Après tel encensement, il convient de replacer le calibre 2120 dans le contexte de sa catégorie des (vrais) extra-plats afin de prévenir l’auto-combustion, précoce et dommage, de quelque horlo-geek. Ses performances chronométriques ne sont pas sensées le voir concourir contre des bêtes de compétition manufacturées sans contrainte de dimensions. D’ailleurs, ce calibre n’indique pas la seconde, ce qui impose, à priori, un seuil de tolérance plus élevé. Pourtant, les résultats surprennent par leur régularité.
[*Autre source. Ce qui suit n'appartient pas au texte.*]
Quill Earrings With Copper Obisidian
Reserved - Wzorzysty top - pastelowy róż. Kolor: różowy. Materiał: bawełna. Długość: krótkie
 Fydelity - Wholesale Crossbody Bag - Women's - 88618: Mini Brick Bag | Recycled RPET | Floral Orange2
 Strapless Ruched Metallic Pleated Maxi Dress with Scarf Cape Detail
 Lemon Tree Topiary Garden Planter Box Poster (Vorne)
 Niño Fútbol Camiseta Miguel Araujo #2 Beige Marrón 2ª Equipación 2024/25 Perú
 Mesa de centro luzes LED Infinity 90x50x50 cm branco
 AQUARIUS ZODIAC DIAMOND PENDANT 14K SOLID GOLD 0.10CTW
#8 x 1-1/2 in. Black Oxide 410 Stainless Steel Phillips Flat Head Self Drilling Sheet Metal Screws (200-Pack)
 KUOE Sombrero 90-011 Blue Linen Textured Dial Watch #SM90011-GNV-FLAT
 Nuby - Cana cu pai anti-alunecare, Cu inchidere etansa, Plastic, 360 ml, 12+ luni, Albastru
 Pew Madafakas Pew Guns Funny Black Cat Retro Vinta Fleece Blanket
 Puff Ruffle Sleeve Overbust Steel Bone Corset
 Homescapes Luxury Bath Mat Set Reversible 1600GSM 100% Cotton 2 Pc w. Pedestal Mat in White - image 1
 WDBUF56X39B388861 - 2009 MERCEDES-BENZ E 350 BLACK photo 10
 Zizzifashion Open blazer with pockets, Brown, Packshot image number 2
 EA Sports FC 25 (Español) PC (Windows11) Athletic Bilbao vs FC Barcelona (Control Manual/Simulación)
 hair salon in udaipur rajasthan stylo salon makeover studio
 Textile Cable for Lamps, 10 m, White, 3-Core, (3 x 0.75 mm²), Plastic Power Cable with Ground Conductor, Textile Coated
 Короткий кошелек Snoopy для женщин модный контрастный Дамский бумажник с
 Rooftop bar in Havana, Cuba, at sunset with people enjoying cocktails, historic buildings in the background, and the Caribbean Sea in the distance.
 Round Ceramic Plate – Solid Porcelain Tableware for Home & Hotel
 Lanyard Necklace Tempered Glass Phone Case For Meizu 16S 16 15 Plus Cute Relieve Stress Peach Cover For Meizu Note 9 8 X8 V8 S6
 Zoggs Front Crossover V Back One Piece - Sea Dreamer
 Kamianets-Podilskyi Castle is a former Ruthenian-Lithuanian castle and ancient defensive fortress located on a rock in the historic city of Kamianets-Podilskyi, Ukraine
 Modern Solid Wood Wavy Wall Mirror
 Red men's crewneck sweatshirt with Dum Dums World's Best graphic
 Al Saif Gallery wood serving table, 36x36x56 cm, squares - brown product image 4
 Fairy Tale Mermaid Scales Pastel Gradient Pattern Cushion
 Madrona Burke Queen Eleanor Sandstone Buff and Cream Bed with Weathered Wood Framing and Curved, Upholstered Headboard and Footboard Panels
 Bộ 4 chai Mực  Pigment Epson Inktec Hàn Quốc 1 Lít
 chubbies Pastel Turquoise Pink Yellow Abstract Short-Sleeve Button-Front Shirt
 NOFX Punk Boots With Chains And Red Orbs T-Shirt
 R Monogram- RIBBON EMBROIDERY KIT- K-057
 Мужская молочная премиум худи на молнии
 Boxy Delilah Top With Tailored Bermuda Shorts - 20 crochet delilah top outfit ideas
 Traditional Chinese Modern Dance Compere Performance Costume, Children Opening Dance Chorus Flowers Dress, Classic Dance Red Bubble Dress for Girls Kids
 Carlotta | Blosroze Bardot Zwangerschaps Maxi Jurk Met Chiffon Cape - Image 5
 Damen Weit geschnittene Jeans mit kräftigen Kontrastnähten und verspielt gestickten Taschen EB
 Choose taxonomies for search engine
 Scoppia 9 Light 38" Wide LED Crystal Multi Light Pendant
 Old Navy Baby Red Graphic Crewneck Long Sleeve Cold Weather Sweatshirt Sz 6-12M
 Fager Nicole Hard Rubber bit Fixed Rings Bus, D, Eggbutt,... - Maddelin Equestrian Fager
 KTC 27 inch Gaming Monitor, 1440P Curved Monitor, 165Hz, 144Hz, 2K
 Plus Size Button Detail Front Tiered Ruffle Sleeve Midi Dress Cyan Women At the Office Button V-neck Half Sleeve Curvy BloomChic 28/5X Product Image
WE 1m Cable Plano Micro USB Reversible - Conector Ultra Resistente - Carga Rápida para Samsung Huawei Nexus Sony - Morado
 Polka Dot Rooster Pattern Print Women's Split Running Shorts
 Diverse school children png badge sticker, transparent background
Une fois l’angle de levée bien renseigné à la valeur inhabituelle de 56°, les mesures peuvent commencer. L’amplitude mesurée était comprise entre 271° et 286° dans les cinq positions à plein armage. Dans le même temps, les marches affichaient des mesures comprises entre -2 et +5 sec/j. Après 24h de fonctionnement, les marches demeuraient serrées entre 0 et +7 sec/j alors que les amplitudes avaient perdu 8 à 10°. Bien qu’il soit recommandé d’amorcer manuellement l’armage lorsque le ressort est complètement détendu, le remontage automatique est une pure merveille. Un compromis absolument parfait entre douceur d’armage et rendement. L’élégance étant son terrain de jeu, on ne parlera pas de confort au porté mais de conscience du porté, juste suffisante pour en savourer le raffinement discret.

 

En conclusion :

Le choix d’une montre ultra classique telle que cette Jules Audemars est avant tout une histoire de cœur, d’émotions. On ne saura que trop conseiller de suivre son instinct dans cette phase-là. Cependant, si cette montre obtient ces faveurs, elle est, dans sa catégorie, l’une des meilleures garanties de satisfaction qui puisse être. Son sublimissime mouvement en est l’un des atouts majeurs et il faut relever qu’on dispose de cinquante années de bons services pour savoir qu’entre les mains d’un horloger minutieux il est d’une fiabilité et durabilité historique. Encourageons et remercions AP pour cette si belle incarnation de son savoir-faire, souhaitons que la manufacture du Brassus poursuive dans cette voie en nous faisant redécouvrir certaines collections à l’importance historique si légitime.